Modal makes you write Python and rent GPU-seconds for every inference call. Telnyx hosts frontier models per-token on in-region GPUs.


If your inference bill is metered in GPU-seconds and your team is writing Python to define infrastructure before it can serve a token, the provider is the constraint, not the model. Here is where teams go when they outgrow Modal.
Modal is a code-first compute platform. You write a Python function, decorate it, and modal deploy runs it on Modal's GPU fleet. There is no managed OpenAI-compatible chat endpoint and no hosted model catalog. You ship a vLLM container, you size the GPU, you own the serving logic. That works until you want to stop running infrastructure and start running an inference API.
What actually decides cost and latency at production scale is whether you pay per token or per GPU-second, whether the provider hosts a curated model behind a managed endpoint or makes you build one, whether inference stays in your users' region without routing through a US control plane, and whether voice and transcription can run on the same infrastructure as the call. We ranked these five providers on exactly that.
Here are the five best Modal alternatives for inference, starting with the one we built.
Modal alternatives
| Provider | Best for | Deployment model | Pricing model |
|---|---|---|---|
| Telnyx | In-region inference on owned infrastructure, with a path into voice | Serverless on Telnyx-owned GPUs, in-region across US, EU, APAC | Per-token pricing, 1M free tokens per month, no GPU rental or compute surcharges |
| Together AI | Research-driven serverless across a 200+ model catalog | Serverless, dedicated endpoints, self-service GPU clusters | Per-token, plus GPU-hour for clusters and batch up to roughly half the cost |
| Fireworks AI | Enterprise control and fine-tuning on open models | Serverless plus on-demand and reserved dedicated, BYOC | Per-token by model size, GPU-second or GPU-hour for dedicated |
| Baseten | Production multi-model orchestration | Cloud, self-hosted, or hybrid via Truss containers | Pay-as-you-go on GPU and tokens, Pro and Enterprise via sales |
| DeepInfra | Low-cost serverless inference across a broad model catalog | Serverless plus dedicated GPU clusters | Per-token for language models, per-GPU-hour for custom deployments |

Telnyx Inference is serverless, pay-per-token access to frontier open-weight models on GPUs Telnyx owns and operates. Four curated models cover real-time and voice, reasoning and agents, cost-efficient intelligence, and balanced workloads, and the API is OpenAI-compatible.
Most providers rent GPUs from a cloud vendor, adding a margin to every token. Because Telnyx runs an owned GPU network instead, throughput stays high and price follows the infrastructure. The short catalog is deliberate.
Inference stays in your users' region because the GPUs are physically there across the US, Europe, and APAC, which makes data residency a property of the architecture rather than a premium tier. Transcription, speech, and voice run on that same infrastructure.
Migration is usually a base URL change and new credentials, done in an afternoon. Pricing is per-token only with no GPU rental or compute surcharges, and 1M free tokens every month keeps cost predictable.

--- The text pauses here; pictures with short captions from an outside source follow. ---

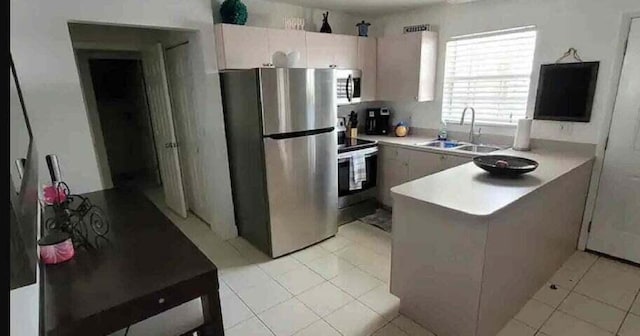 kitchen featuring sink, kitchen peninsula, stainless steel appliances, and light tile patterned floors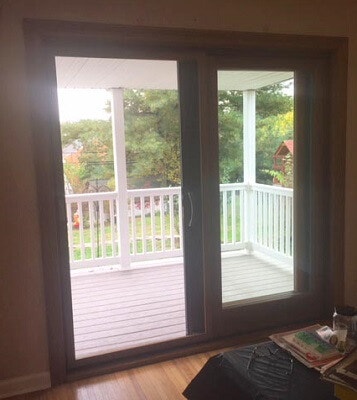 after inside image of Abington home with new sliding patio door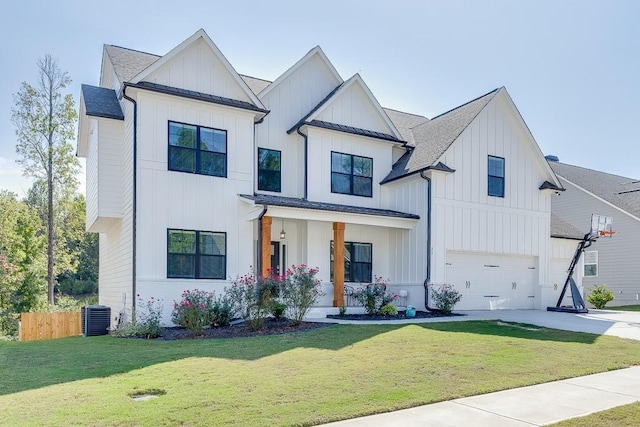 modern farmhouse style home with cooling unit, a garage, a front lawn, and covered porch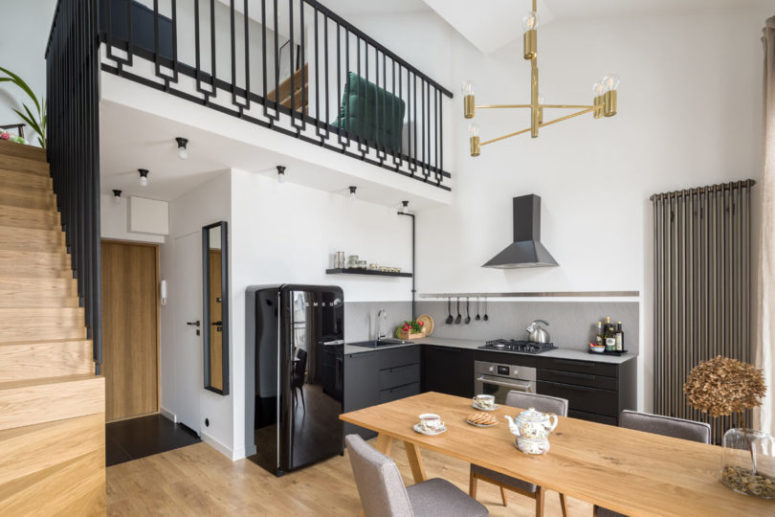 The kitchen is done in black and grpahite grey, with white countertops and a black Smeg fridge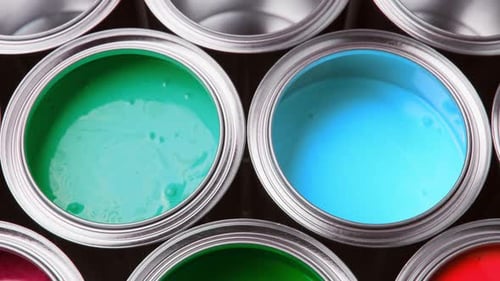 Opened Metal Can with Colors Paint Top View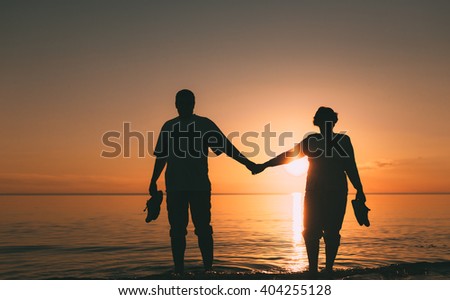 Silhouette of adult couple standing in the sea against a sunset. Evening photo.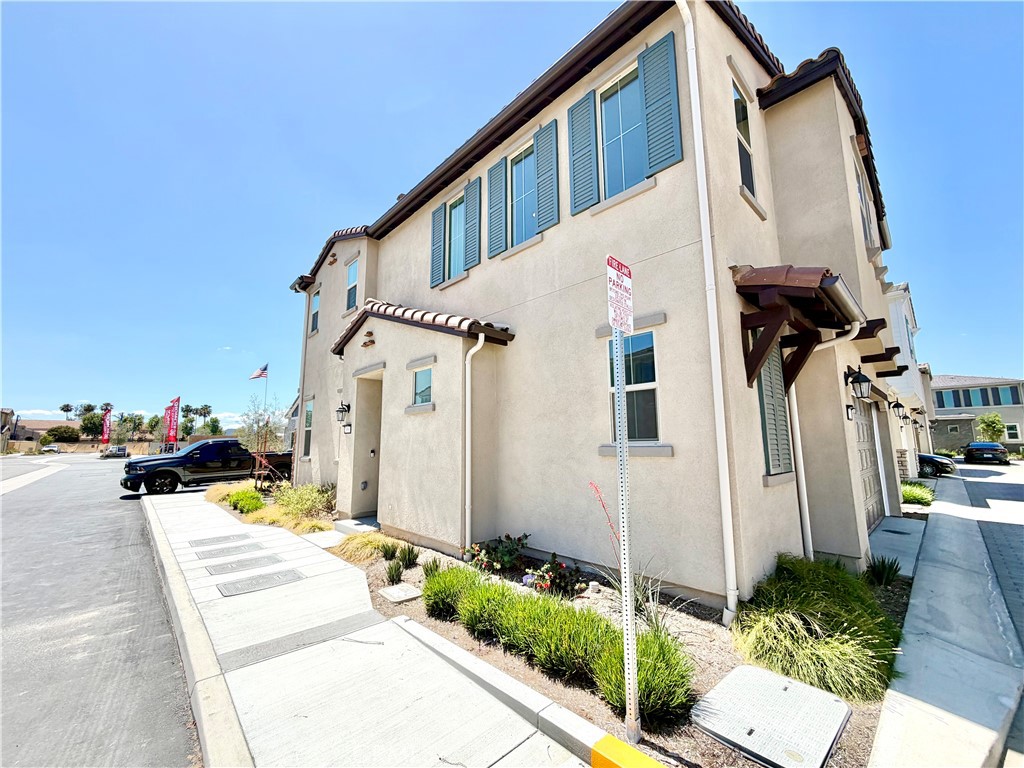 29561 Monarch Road Menifee, CA 92586 - Photo 3 of 35 a view of a house with a street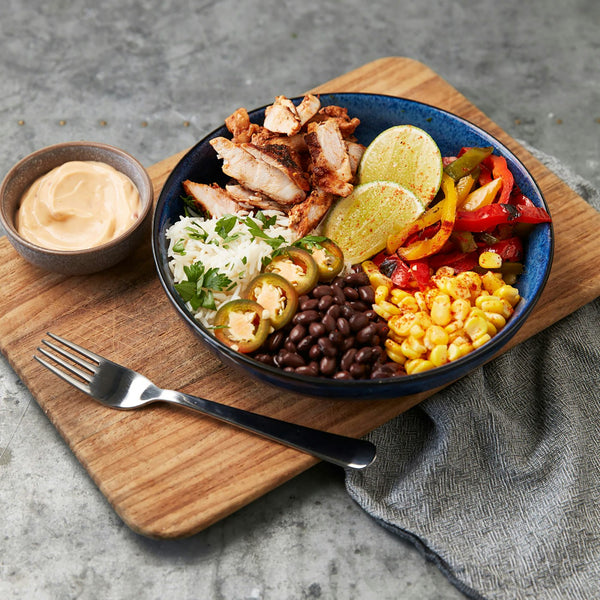 A blue bowl on a wooden board holding sliced seasoned chicken, white rice with cilantro, black beans, chilli-dusted corn, sliced pickled jalapenos, roasted red and yellow peppers and two lime halves, with a small bowl of pale orange sauce alongside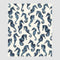 The Seahorse Watercolor Throw Blanket by in2green features blue seahorses on a light background, made from recycled cotton for an eco-friendly, stylish, and sustainable design.
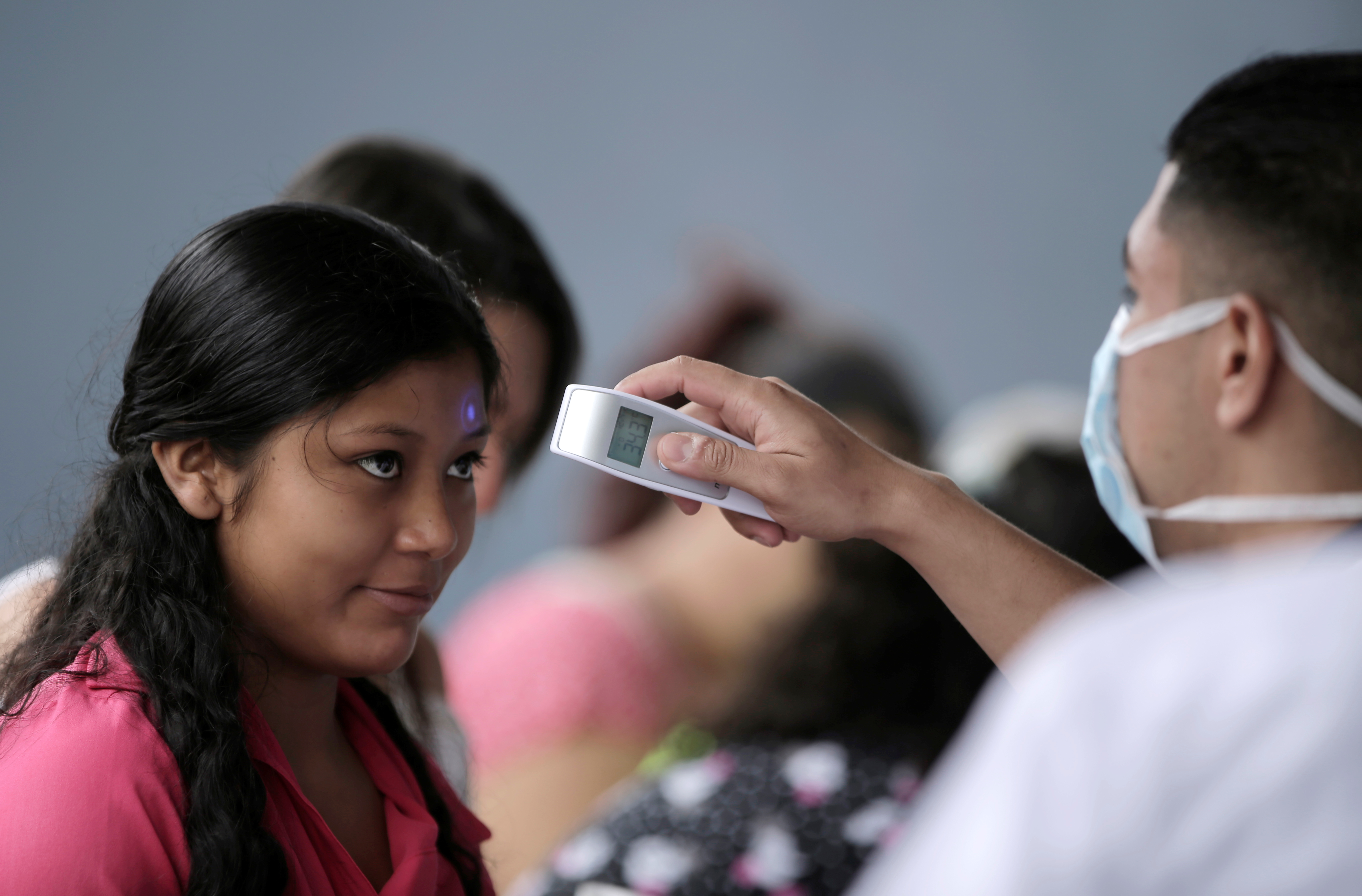 A public health worker records a woman’s temperature before she enters a health center, as part of preventive measure against COVID-19, in San José, Costa Rica, March 12, 2020. 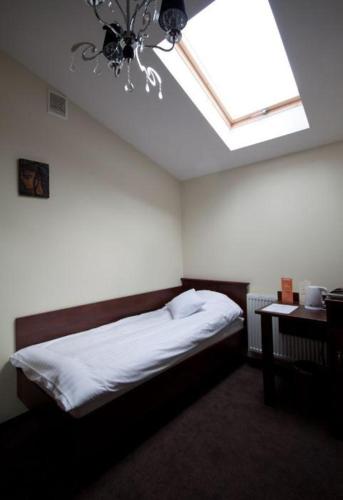 a bedroom with a bed and a ceiling with a chandelier at Noclegi Nad Osławą in Zagórz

Together AI is an inference cloud with a strong research pedigree and a catalog past 200 open-source models, served from a managed serverless API and OpenAI-compatible by default. If you came to Modal so you could run open-weight models on GPUs and ended up maintaining vLLM containers, Together removes that work entirely. The model is already deployed, the endpoint is already there, and per-token billing replaces GPU-second math.
The tradeoff is concentration. Serverless runs from US data centers, with no advertised in-region serverless for the EU or APAC, so a Modal team trying to escape the us-east-1 control plane bottleneck swaps one US-centric routing problem for another. Teams that need inference to stay in-region by default, on infrastructure the provider owns end to end, tend to land on Telnyx.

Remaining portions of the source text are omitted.